How to complete this task: Keeping every word the same, give again only the lines from the one with "Push push latches series" through the end of the data, both included, and leave every picture out.

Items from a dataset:
......

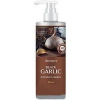 Фото Deoproce Rinse Black Garlic Intensme Energy - Бальзам для волос чёрный чеснок, 1000 мл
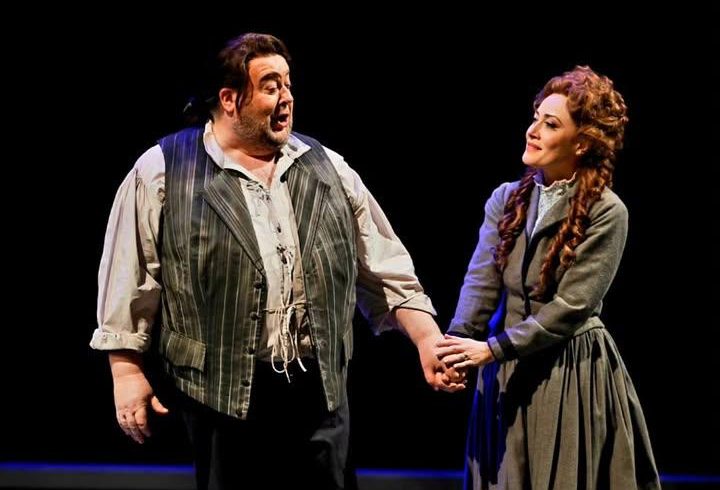 Al Bellini di Catania un «Andrea Chenier» da applausi: musicalità moderna e pathos rivoluzionario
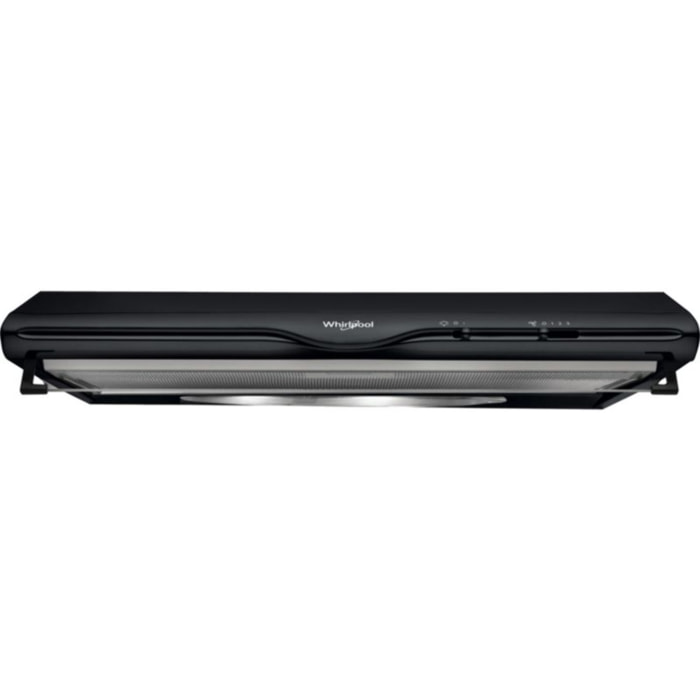 Hotte casquette WHIRLPOOL WCN65FLK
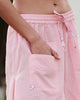 Yoka Trousers - Pink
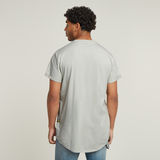G-STAR Outlet Lash T-Shirt Grey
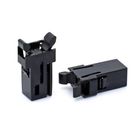 Push push latches series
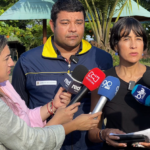 Susana Mohamed. MinAmbiente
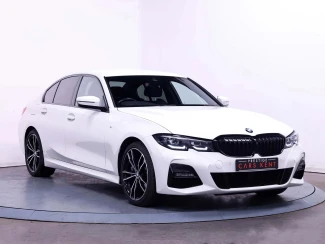 BMW 3 Series Listing Image
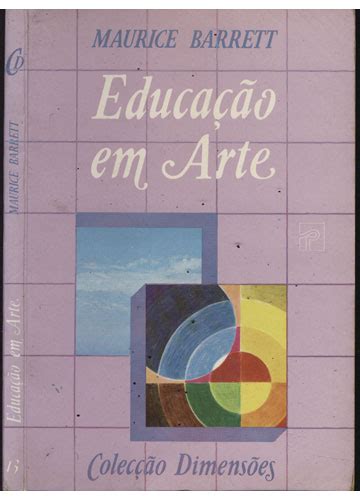 Sebo Do Messias Livro Educação Em Arte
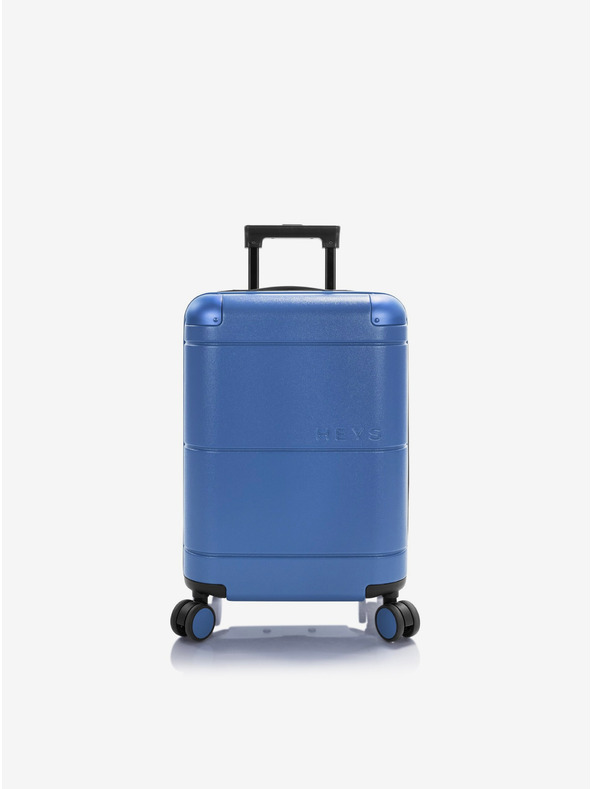 Heys Három darabos készlet Heys Zen S,M,L királykék utazótáska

......

Exercise answer:
 Push push latches series
 Susana Mohamed. MinAmbiente
 BMW 3 Series Listing Image
 Sebo Do Messias Livro Educação Em Arte
 Heys Három darabos készlet Heys Zen S,M,L királykék utazótáska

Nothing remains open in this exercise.